**TASK INSTRUCTIONS:**
At the line containing "Coronavirus en Italia, viajes", begin an exact copy of the lines below and continue through the final one, with no pictures.
DATA SHOWN Block Start
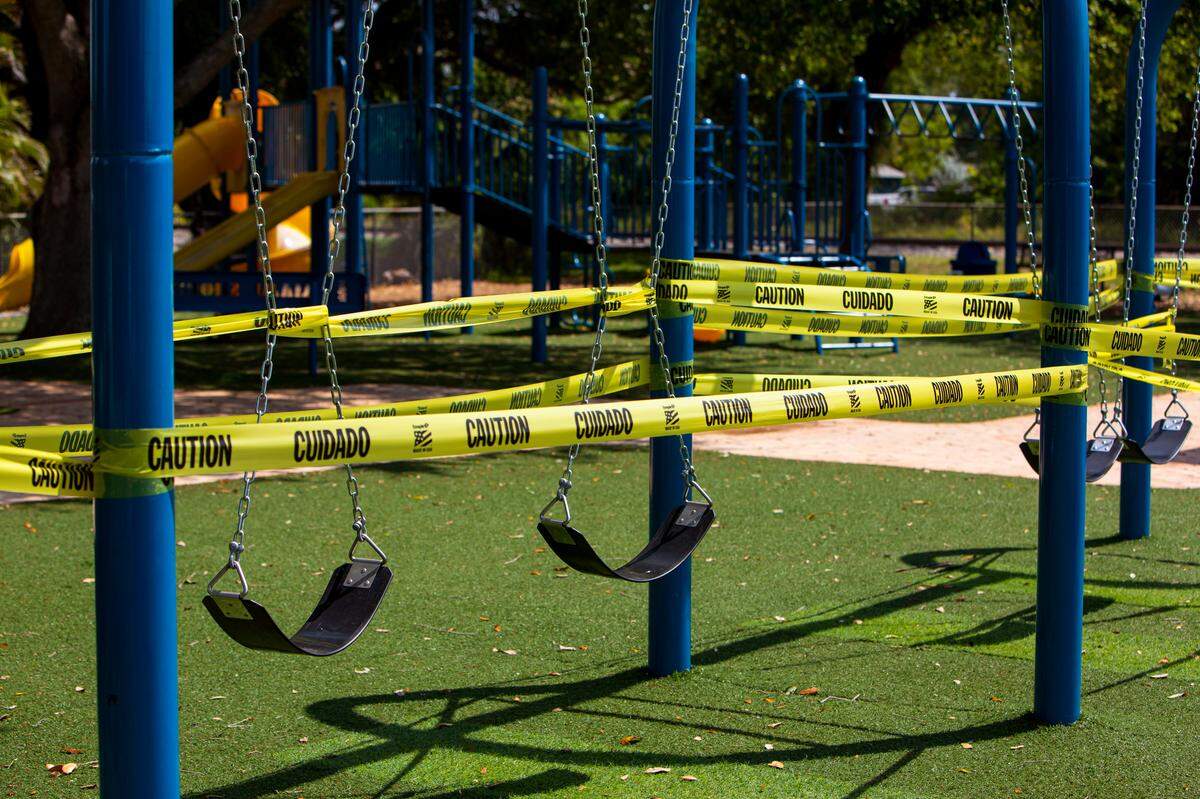 Un parque en Miami Shores está cerrado y sus columpios están envueltos en cinta de precaución para evitar que los niños jueguen mientras el pueblo toma medidas para reducir la propagación del coronavirus, 1 de abril de 2020.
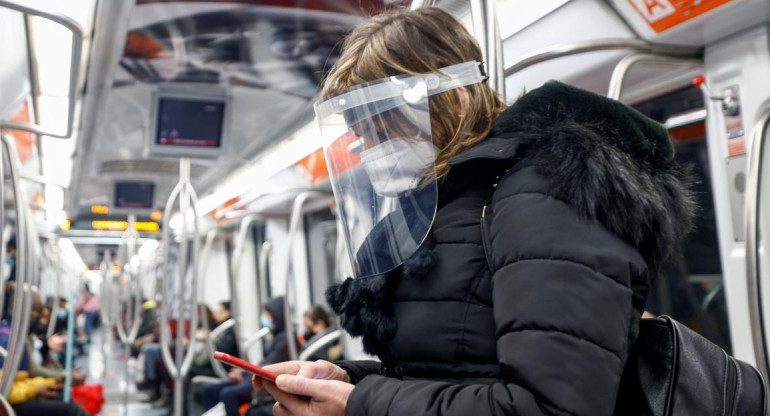 Coronavirus en Italia, viajes en metro, REUTERS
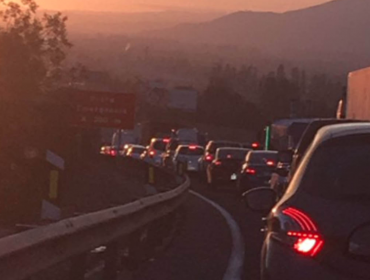 La verdad detrás de viralizada fotografía sobre la "congestión" vehicular hacia la región de Valparaíso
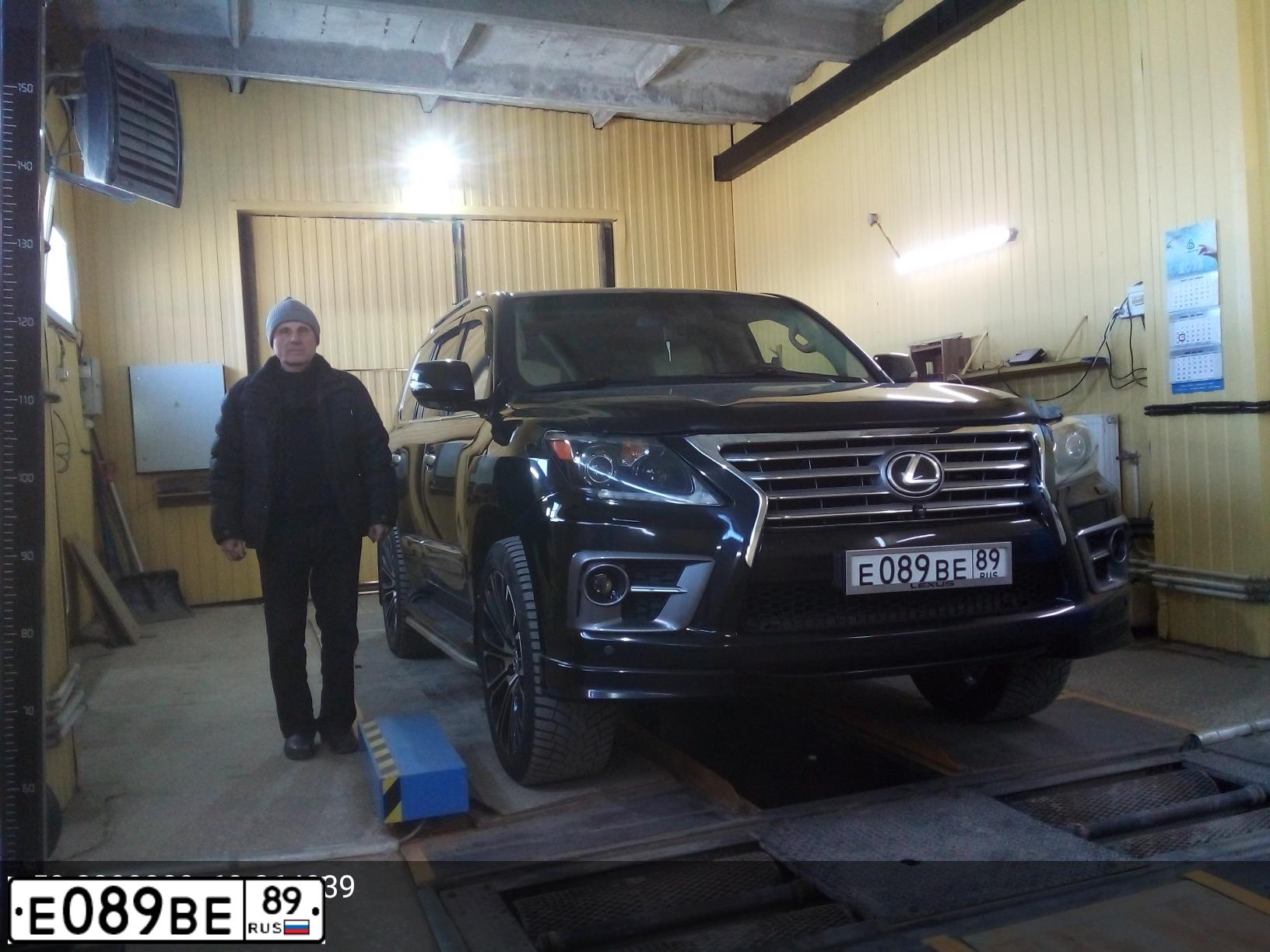 Фото автомобиля HYUNDAI GENESIS, 2014 — госномер Е089ВЕ89. Цвет: ЧЕРНЫЙ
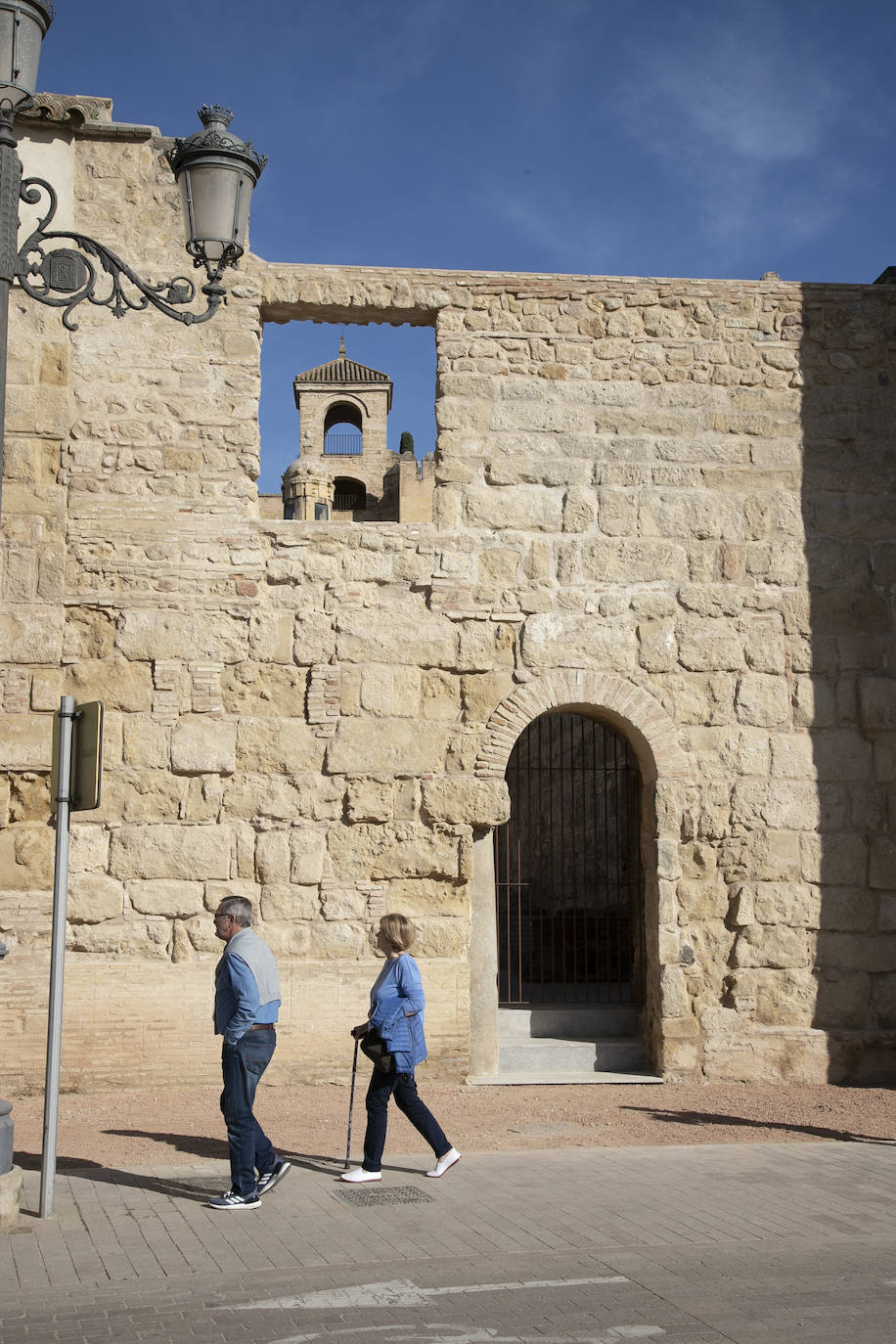 La recuperada puerta almohade del Alcázar de Córdoba, en imágenes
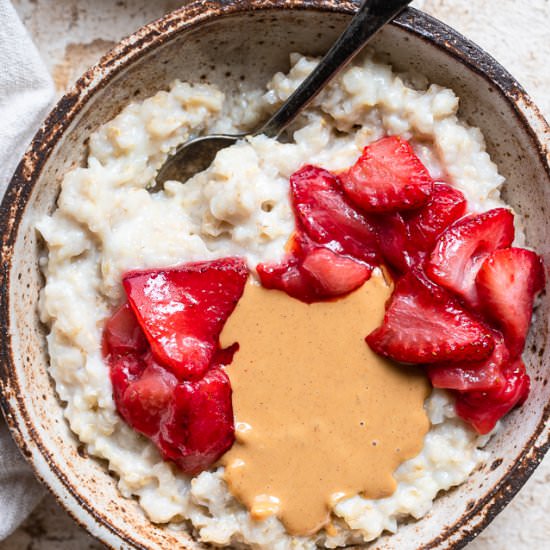 Cauliflower Protein Oats - Recipe photo by foodfaithfitness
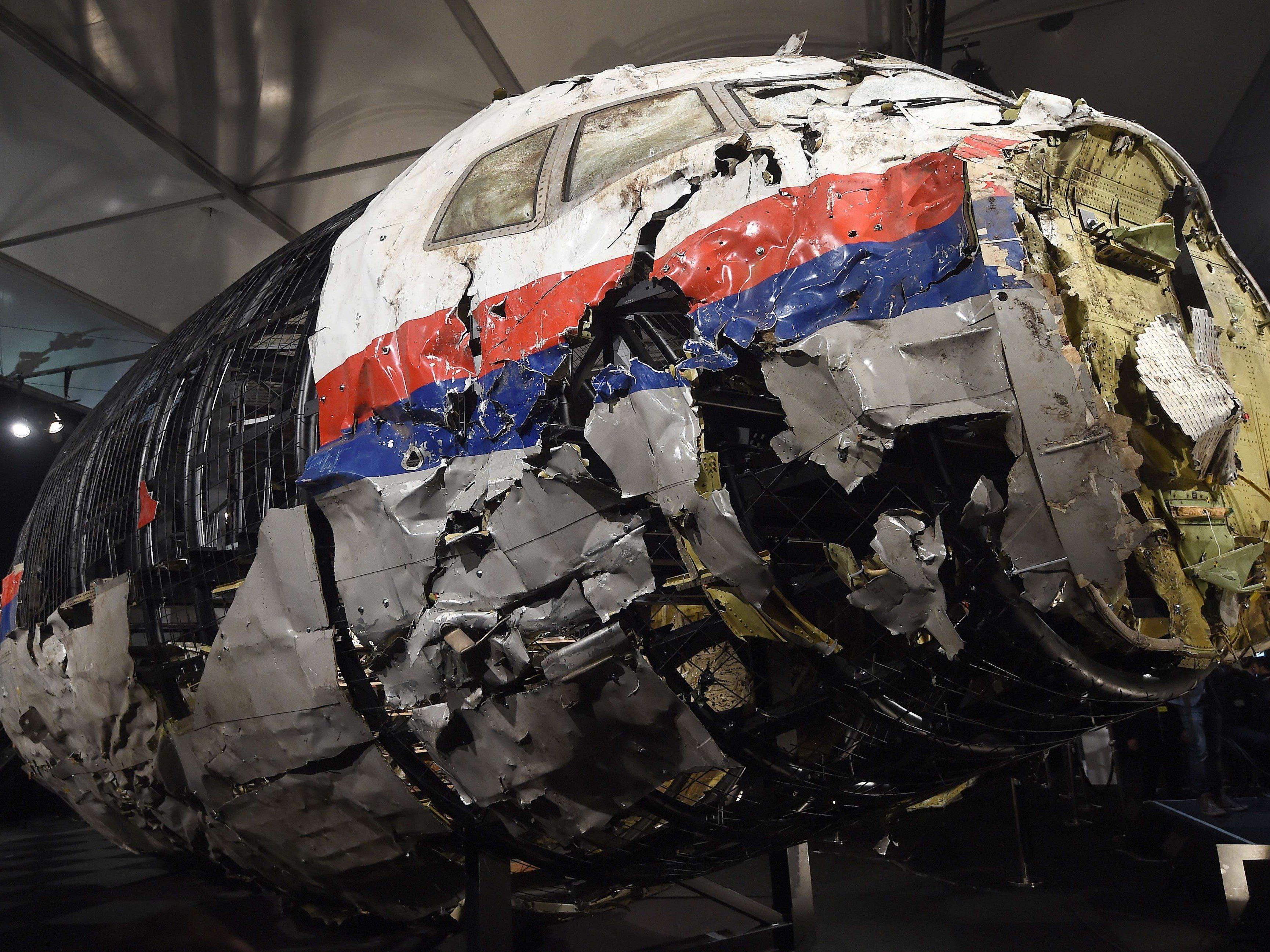 Mann festgenommen: Teile der Malaysia-Airlines-Maschine als "Souvenirs" angeboten?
DATA SHOWN Block End
**SOLUTION FOR THIS EXERCISE:**
 Coronavirus en Italia, viajes en metro, REUTERS
 La verdad detrás de viralizada fotografía sobre la "congestión" vehicular hacia la región de Valparaíso
 Фото автомобиля HYUNDAI GENESIS, 2014 — госномер Е089ВЕ89. Цвет: ЧЕРНЫЙ
 La recuperada puerta almohade del Alcázar de Córdoba, en imágenes
 Cauliflower Protein Oats - Recipe photo by foodfaithfitness
 Mann festgenommen: Teile der Malaysia-Airlines-Maschine als "Souvenirs" angeboten?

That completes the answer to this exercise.